6. SNe Ia light-curve fitters, DD relation and cluster geometries

In the previous section, we tested the DD relation by using luminosity distances from SNe Ia based on the Constitution sample and the angular diameter distances from three galaxy clusters samples obtained by their SZE and X-rays surface brightness measurements. However, in the Constitution compilation different SNe Ia samples were analyzed by four light-curve fitters (SALT, SALT2, MLCS31 and MLCS17) to test consistency and systematic differences: 397 SNe Ia with SALT, 351 SNe Ia with SALT2, 366 SNe Ia with MLCS31 and 372 SNe Ia with MLCS17. The four fitters were seen to be relatively consistent with the light-curve-shape and color parameters, but that still leaves room for improvement, and they provide a considerable amount of systematic uncertainty to any analysis. In this way, it would be interesting to investigate the influence of different SNe Ia light-curve fitters on our previous results. Unfortunately, it was not possible to find the same SNe’s Ia used here in Sect. 5 in the Constitution sample, but analyzed with the four methods for a direct comparison.
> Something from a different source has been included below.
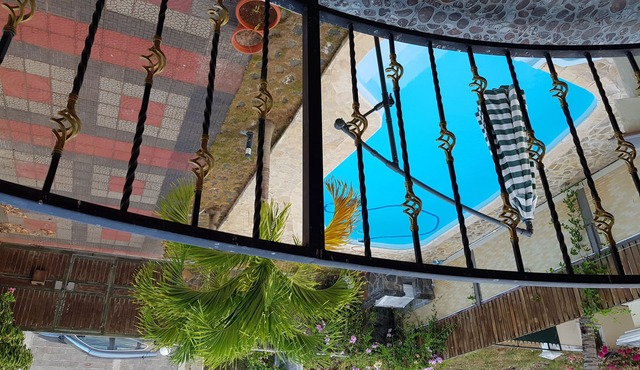 FAIZZIA VILLA FIRST FLOOR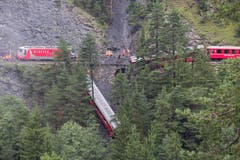 Der Zug von St. Moritz nach Chur war um 12.30 Uhr kurz nach Tiefencastel zwischen zwei Tunnels auf einen Erdrutsch aufgefahren. (Bild: Keystone)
On the other hand, Kessler et al. (2009) presented the Hubble diagram for 103 SNe Ia with redshifts 0.04 < z < 0.42, discovered during the first season of the Sloan Digital Sky Survey-II (SDSS-II). These data filled the redshift desert between low- and high-redshift SNe Ia of the previous SNe Ia surveys. In addition, these authors included a comprehensive and consistent reanalysis of other datasets (ESSENCE, SNLS, HST), resulting in a combined sample of 288 SNe Ia. Reanalysis was performed by using two light-curve fitters: SALT2 (Guy et al. 2007) and MLCS2K2 (Jha et al. 2007). MLCS2K2 calibration uses a nearby training set of SNe Ia assuming a close to linear Hubble law, while SALT2 uses the whole data set to calibrate empirical light curve parameters, and a cosmological model must be assumed in this method. Typically a ΛCDM or a ωCDM model is assumed. Consequently, the SNe Ia distance moduli obtained with SALT2 fitter retain a degree of model dependence (Bengochea 2011). Kessler et al. (2009) combined these 288 SNe Ia with measurements of baryon acoustic oscillations from the SDSS luminous red galaxy sample and with cosmic microwave background temperature anisotropy measurements from the WMAP for estimating the cosmological parameters ω and ΩM by assuming a spatially flat cosmological model. The results from these two light-curve fitters disagreed: ω =  −0.76 ± 0.07(stat)  ±    0.11(syst), ΩM = 0.307 ± 0.019 (stat)  ±    0.023(syst) using MLCS2K2 and ω =  −0.96 ± 0.06(stat)  ±    0.12(syst), ΩM = 0.265 ± 0.016(stat)  ±    0.025(syst) using SALT2. This discrepancy raised the question of which method is more reliable because it is not possible to definitively determine from the current data that either method is better or incorrect. The overall conclusion was that the cosmological parameter ω lies between  − 1.1 and  − 0.7 (Kessler et al. 2009). Exploring nonstandard cosmology scenarios, Sollerman et al. (2009) found that more exotic models provided a better fit to the SNe Ia data than the ΛCDM model when the MLCS2K2 light-curve fitter was used. However, when the SN Ia data were analyzed by using SALT2 light-curve fitter, the standard cosmological constant model agreed better to those data.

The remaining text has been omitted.